Frankly, I think we all know that for every player who reads and absorbs dev interaction in the spirit in which it is meant, there's another who uses it simply as an excuse to blame said person for ruining the game. This goes back to before the time when devs were the ones delivering the news, mind you. I remember the days of Tseric, and the way the forums made him the villain in their self-generated narrative.

That impulse still exists, and when devs try and address us with the facts as they see them, the rationale behind their decisions, it can still come forth. What's worse is, sometimes the devs are wrong - sometimes a decision doesn't work out like they'd hope, or they make a mistake in how they implement an idea (the Burning Crusade version of rage normalization and the Cataclysm healer revamp come to mind) and unfortunately when that happens the players often become suspicious and hostile when a new version of that idea is implemented. It's understandable, but that reaction prevents an honest dialogue. Does the good outweigh the bad?
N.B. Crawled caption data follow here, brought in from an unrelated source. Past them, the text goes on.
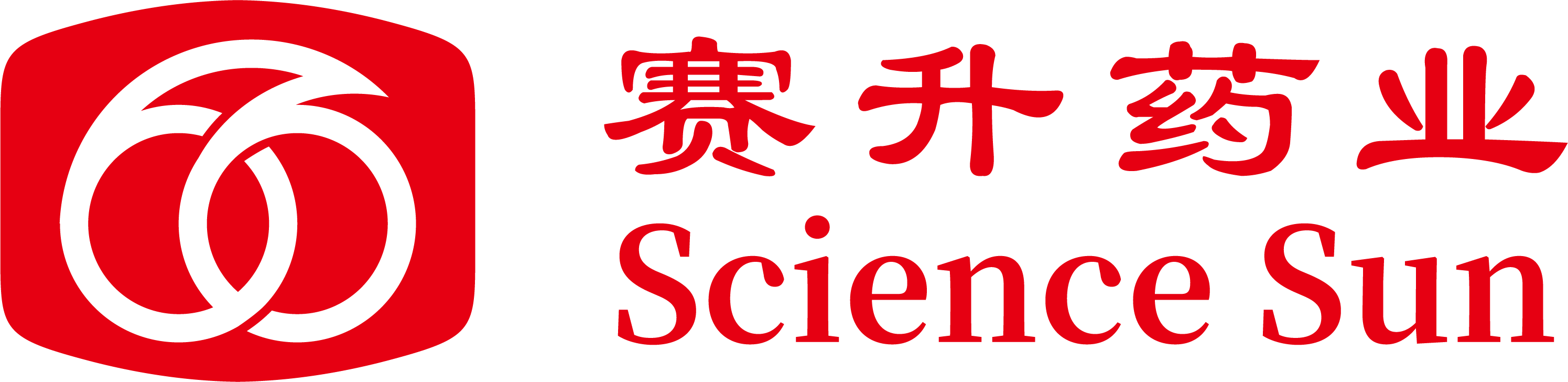 宝运莱药业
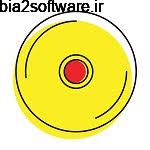 Kat Player 5.2.0 پلیر حرفه ای موزیک Kat Player 5.2.0 پلیر حرفه ای موزیک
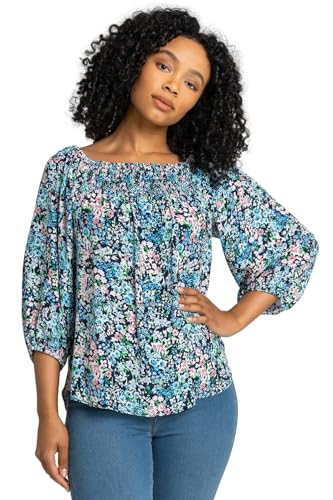 bardot tops amazon uk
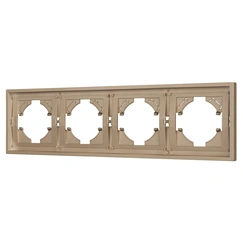Product gallery item
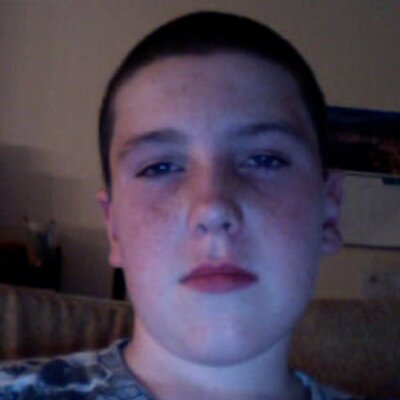 Profile Picture of Joseph Scardigno (@JosephScardigno) on Twitter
I'd have to argue yes. To a degree, the players who will lash out and blame the devs for the game not being the way they want it would never really be satisfied - they're seeking an outlet for frustration. sometimes understandably so, sometimes not. Their reaction doesn't change the fact that for many of us, it's very helpful to know why changes are being made, even if just in a general sense. Knowing that changes are coming to itemization, that certain stats will be going away or introduced, knowing about the itemization squish is helpful and it's a lot better than the old days when a stat like Expertise could just happen and we were all left wondering what is this, what do i do with it after the fact. Any player who lived through the days when the Edgemaster's Handguards were the best gloves in the game for any raiding DPS warrior or paladin remembers how often in vanilla nothing was explained.

It's true that there are times when we get a lot of information we can't really process. To a degree I feel like the recent healing and health changes fall into that ballpark - paradoxically, we learned just enough about the changes to upset and confuse us without learning enough about their context to provide us with a real idea of how they're going to work. The Dev Watercooler could only give us half of the picture, and posters like Watcher didn't really make it that much more clear - it may just be the kind of thing we can only really grasp when we start to see it. The whole team did their best to explicate, but I don't think it helped. That's not to say they don't do a good job.

That doesn't mean it can't be done better. Right now I'm pretty hopeful for dev/player interaction, as the era of twitter has improved accessibility and damped down some of the trolling and vitriol, with multiple developer voices answering questions and explaining things in addition to the hard work of the community managers. The forums still exist and are still very useful for long-form posts and responses, but twitter's immediate back and forth has led to us hearing a lot more from a variety of voices working in various parts of the game's development. And that's all to the good - having a range of voices prevents the vitriol from accumulating around one target. As good as it was to have a person out there, having only one person meant that he was the lightning rod for all unhappiness, even for things he had no real part of or control over.

I'd argue that we currently almost have the kind of transparency we'd want - multiple people talking about their various parts of the puzzle. What we need now is probably a touch more forthcoming, but you can't build things without taking the steps.